Once that’s achieved, activists insist that the newly tolerated belief be celebrated, even by those who do not agree with it. That phase comes when basketball players are expected to take an unthinking knee unless they want to be thought of as bigots, or when the hockey players have to wear matching team patches, regardless of their own personal beliefs, or when baseball players are expected to accept the “inclusion” of a group that actively mocks a religion many of them adhere to.
The third and final stage is mandatory participation, even by conscientious objectors. That’s the stage where you must do the salute, or say the magic words, or affirm the belief, without question, any time, on demand.
With gender ideology, that’s the stage where therapists and doctors must automatically “affirm” the gender identities of vulnerable children, including through experimental drugs and irreversible surgery.
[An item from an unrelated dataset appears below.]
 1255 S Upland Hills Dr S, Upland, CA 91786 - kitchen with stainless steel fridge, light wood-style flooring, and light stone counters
If they don’t, at best they’ll be attacked as “transphobic” and at worst they will suffer serious professional sanctions.
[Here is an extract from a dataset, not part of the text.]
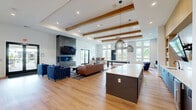 Located at 1 Haddon Blvd in Mount Laurel, NJ, this thoughtfully designed single-floor amenity space offers a generous and versatile layout for gathering, relaxing, and connecting. The main living area is anchored by a striking three-sided concrete fireplace with a wall-mounted television above, set against warm hardwood flooring and crisp white walls that create a clean, contemporary aesthetic. Exposed wood beam accents add architectural warmth overhead.

A welcoming lounge area features floor-to-ceiling windows that flood the space with natural light and offer views of surrounding greenery. Deep blue upholstered seating, including a long channeled sofa and rounded accent chairs, lends a bold, cohesive color story throughout. A kitchen bar with a white quartz countertop, wood cabinetry, beverage refrigerator, and woven pendant lighting provides an ideal social hub.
Even if a parent, teacher, therapist, or doctor thinks the child’s stated gender identity could be fleeting, delusional, or a diversion from serious mental health comorbidities, as is statistically probable, they must go along. If they don’t, they face being charged with attempting “conversion therapy,” which under the Biden administration’s definition includes efforts to make a person comfortable as they were born.
The nature of sex and gender, and the rights that go with them, is a major domestic political fight, the outcome of which is not certain. In the meantime, we have no business exporting our definitions, or sexual politics, abroad.
Efforts to do so will complicate and even undermine our global efforts to promote health, economic growth, and democracy overseas.
Let Old Glory fly alone over our foreign missions, and let’s keep our proselytizing to ourselves until we’re good and sure we’ve got it right.